■ DATASET RECORDS
════════════════════

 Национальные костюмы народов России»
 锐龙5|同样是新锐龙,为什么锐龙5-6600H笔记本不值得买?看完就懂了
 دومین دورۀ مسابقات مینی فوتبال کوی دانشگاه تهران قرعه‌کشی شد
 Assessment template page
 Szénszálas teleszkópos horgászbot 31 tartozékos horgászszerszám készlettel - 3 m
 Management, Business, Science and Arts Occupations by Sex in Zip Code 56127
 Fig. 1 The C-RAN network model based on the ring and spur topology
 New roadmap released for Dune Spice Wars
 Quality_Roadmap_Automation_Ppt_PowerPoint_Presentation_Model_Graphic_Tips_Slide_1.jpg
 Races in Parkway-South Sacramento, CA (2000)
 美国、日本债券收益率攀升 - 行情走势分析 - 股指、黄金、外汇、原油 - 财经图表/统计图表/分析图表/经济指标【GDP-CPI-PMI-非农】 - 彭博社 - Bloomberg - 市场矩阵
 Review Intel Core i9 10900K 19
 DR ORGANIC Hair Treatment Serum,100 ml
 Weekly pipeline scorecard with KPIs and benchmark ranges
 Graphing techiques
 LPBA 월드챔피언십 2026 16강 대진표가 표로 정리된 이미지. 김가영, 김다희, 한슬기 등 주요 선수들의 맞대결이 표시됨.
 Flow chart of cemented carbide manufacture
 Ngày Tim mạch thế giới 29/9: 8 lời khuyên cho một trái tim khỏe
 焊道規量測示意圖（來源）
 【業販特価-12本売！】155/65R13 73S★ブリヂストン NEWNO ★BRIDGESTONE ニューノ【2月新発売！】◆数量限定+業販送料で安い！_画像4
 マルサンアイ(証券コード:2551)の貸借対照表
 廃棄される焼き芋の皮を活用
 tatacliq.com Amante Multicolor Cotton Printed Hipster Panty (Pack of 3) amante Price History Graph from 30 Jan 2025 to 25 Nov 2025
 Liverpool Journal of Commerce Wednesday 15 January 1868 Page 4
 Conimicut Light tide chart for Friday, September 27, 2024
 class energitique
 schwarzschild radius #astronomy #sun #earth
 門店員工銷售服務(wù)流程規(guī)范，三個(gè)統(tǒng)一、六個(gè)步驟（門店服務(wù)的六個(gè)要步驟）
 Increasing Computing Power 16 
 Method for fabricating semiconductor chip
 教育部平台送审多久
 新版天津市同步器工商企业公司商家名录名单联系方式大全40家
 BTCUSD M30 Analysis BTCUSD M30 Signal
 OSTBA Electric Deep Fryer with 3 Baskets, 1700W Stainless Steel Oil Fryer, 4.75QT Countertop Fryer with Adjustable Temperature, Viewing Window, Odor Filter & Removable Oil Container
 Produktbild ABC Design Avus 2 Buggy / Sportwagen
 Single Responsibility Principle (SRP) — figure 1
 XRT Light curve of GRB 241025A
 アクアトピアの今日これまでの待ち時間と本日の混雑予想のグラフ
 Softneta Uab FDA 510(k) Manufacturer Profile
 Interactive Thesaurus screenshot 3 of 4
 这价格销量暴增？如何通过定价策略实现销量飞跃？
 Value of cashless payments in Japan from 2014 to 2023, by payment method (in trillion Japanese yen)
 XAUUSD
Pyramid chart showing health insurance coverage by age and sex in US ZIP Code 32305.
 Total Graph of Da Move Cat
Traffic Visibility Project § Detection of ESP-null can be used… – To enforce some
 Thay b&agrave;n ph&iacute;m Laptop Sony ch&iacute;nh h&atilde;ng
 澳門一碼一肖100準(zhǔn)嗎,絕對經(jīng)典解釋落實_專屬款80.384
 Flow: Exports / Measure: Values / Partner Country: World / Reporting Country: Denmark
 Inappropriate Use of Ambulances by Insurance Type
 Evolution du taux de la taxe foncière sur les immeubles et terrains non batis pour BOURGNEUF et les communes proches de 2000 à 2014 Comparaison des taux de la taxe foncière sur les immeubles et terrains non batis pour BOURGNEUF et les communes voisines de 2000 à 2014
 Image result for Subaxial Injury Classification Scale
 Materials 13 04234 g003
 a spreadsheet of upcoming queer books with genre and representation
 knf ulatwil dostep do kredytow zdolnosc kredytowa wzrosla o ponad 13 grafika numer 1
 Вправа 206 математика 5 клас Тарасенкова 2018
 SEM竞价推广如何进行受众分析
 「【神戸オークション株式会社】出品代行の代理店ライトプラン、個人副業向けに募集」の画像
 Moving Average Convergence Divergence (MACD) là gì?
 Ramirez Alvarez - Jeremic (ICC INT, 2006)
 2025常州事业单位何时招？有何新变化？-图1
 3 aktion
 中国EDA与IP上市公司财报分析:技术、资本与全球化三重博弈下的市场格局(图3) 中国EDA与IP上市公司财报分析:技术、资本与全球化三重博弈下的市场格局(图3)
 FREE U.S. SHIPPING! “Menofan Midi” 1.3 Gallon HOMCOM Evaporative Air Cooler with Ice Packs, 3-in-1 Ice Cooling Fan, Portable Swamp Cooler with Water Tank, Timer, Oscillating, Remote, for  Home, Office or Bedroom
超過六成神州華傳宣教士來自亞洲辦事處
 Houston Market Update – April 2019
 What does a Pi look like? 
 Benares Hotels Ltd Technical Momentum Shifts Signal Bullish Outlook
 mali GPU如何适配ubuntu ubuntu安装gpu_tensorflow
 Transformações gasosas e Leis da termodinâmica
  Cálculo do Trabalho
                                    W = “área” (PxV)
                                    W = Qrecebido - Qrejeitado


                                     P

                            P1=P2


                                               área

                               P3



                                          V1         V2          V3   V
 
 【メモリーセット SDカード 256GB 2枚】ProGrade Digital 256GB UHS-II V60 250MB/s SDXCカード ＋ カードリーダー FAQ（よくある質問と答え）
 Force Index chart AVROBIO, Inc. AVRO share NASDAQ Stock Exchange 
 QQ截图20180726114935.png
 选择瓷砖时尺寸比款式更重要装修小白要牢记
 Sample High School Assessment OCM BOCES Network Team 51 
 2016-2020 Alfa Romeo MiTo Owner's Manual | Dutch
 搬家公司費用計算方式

════════════════════

■ PROBLEM DESCRIPTION
From the line containing "tatacliq.com Amante Multicolor" down to the line containing "門店員工銷售服務(wù)流程" in the material above, reproduce every line exactly, including the two end lines.

■ SOLUTION TO THE PROBLEM
 tatacliq.com Amante Multicolor Cotton Printed Hipster Panty (Pack of 3) amante Price History Graph from 30 Jan 2025 to 25 Nov 2025
 Liverpool Journal of Commerce Wednesday 15 January 1868 Page 4
 Conimicut Light tide chart for Friday, September 27, 2024
 class energitique
 schwarzschild radius #astronomy #sun #earth
 門店員工銷售服務(wù)流程規(guī)范，三個(gè)統(tǒng)一、六個(gè)步驟（門店服務(wù)的六個(gè)要步驟）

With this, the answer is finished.